The Globo journo had to write up five - count them, FIVE - different themes in a five paragraph piece to cover what Rosales had said. So what's a poor voter to make of it? Is this campaign about how much Rosales loves Jesus? Or is it about maintaining the misiones? or opposing the fingerpring scanners? Or about public employees' pay? or is it about poll numbers?

The problem is that Rosales doesn't have an elevator speech - he has six or seven of them, which he mixes and matches in a not-very-coherent way. The guy needs to settle on ONE elevator speech, and he needs to be much, much more focused on it as he campaigns.

Because the torrent of different themes, with no connecting thread running through them, just dillutes his message. It stops him from imposing his vision of what this campaign is about. And it wastes the very narrow window of opportunity he has to win over people outside his already committed base.

Message discipline is as much about what you deliberately don't say - to avoid drawing attention away from your elevator speech - as it is about the elevator speech itself. No doubt many voters will find it heartwarming that he intends to govern under divine guidance, but that is not in his elevator speech so he should not be talking about it.

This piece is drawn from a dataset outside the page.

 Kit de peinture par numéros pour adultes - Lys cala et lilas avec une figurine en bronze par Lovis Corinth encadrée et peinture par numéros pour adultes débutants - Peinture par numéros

Staying on message when fielding questions
Granted, Rosales was fielding questions at an impromptu press huddle. Still, if he can't wrestle control of the agenda when talking to stenographing journos, what chance does he have against Chávez? A key part of message discipline is learning to answer any question anyone throws at you in a way that brings the discussion back to your elevator speech.
Q: Do you think Bush is the devil?
A: I think Chavez said that to distract our attention. After all, he promised to distribute oil rents to everyone's benefit, but he didn't follow through. Too much oil money is going to other countries and to corrupt officials, and common people only get their hands on it if they wear a red t-shirt...

Q: What about collective bargaining for public employees' pay?
A: The public employees have been subjected to the same political exclusions everyone else has. In my presidency, we will make sure that oil money is distributed fairly and cleanly, with no exclusions.

Q: What about the fingerprint scanners?
A: The government still thinks it can intimidate people into voting the way they want, because no one wants to risk their mision money. They're holding the people's oil money hostage, and that's wrong. Venezuelans are tired of this kind of exclusion, they're tired of having to put on a red t-shirt just to make ends meet. With Mi Negra everyone will get an equal share of the pie: chavistas, non chavistas, and everyone in between.

Q: Will you keep the misiones?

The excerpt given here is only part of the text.